# WHAT TO WORK ON
In the entries below, find the line containing "Used 2024 Volkswagen" and the line containing "1534 Lowell Ave, New". Copy those two lines and everything between them exactly, and only that.

# EXTRACTED INFORMATION
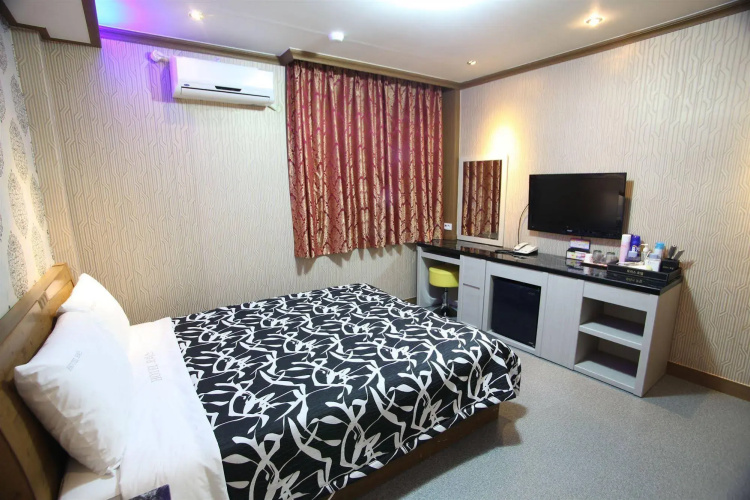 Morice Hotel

---

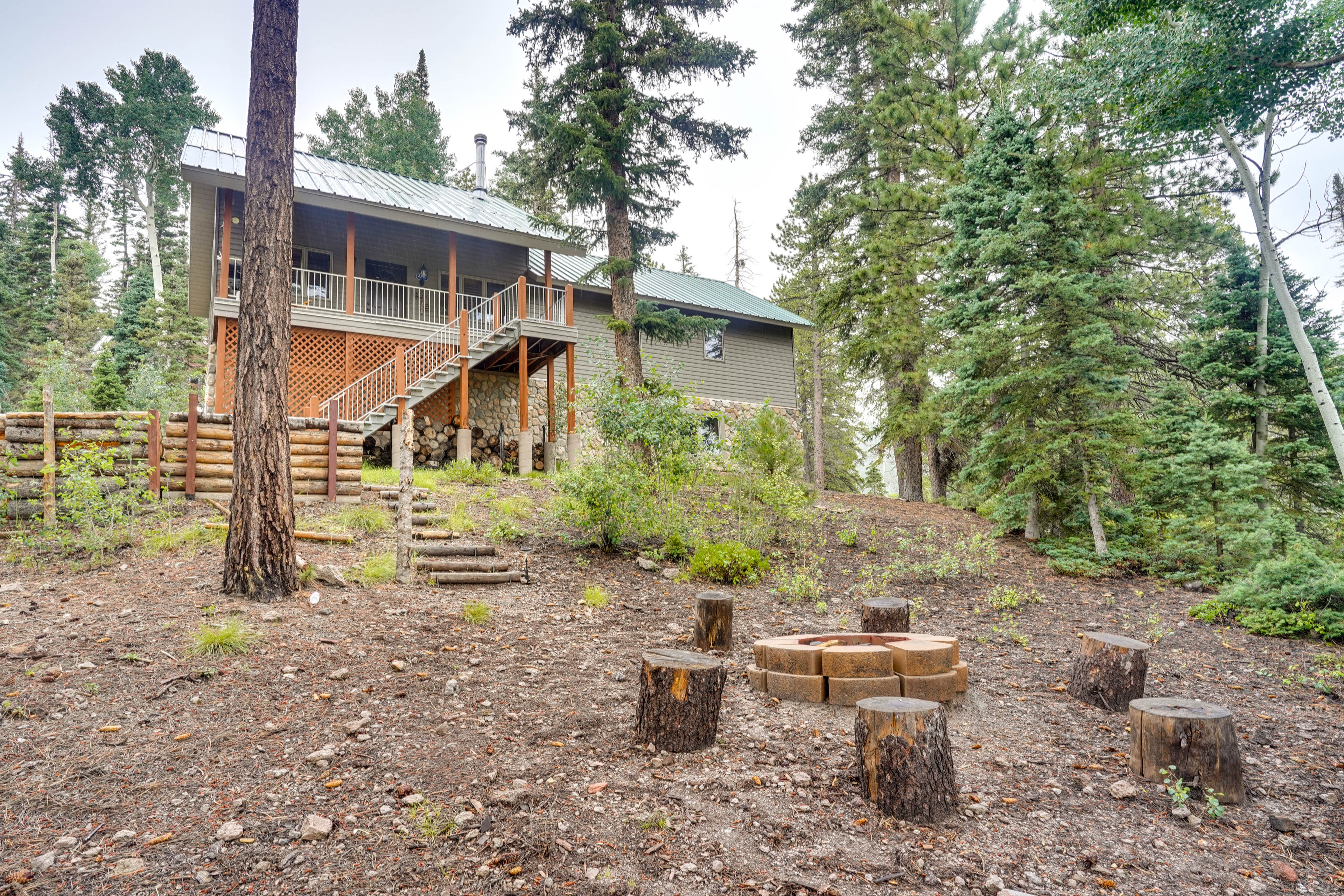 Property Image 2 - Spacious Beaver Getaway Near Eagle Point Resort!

---

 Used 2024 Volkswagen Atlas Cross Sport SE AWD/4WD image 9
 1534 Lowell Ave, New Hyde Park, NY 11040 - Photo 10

# ANSWER TO THE EXERCISE
 Used 2024 Volkswagen Atlas Cross Sport SE AWD/4WD image 9
 1534 Lowell Ave, New Hyde Park, NY 11040 - Photo 10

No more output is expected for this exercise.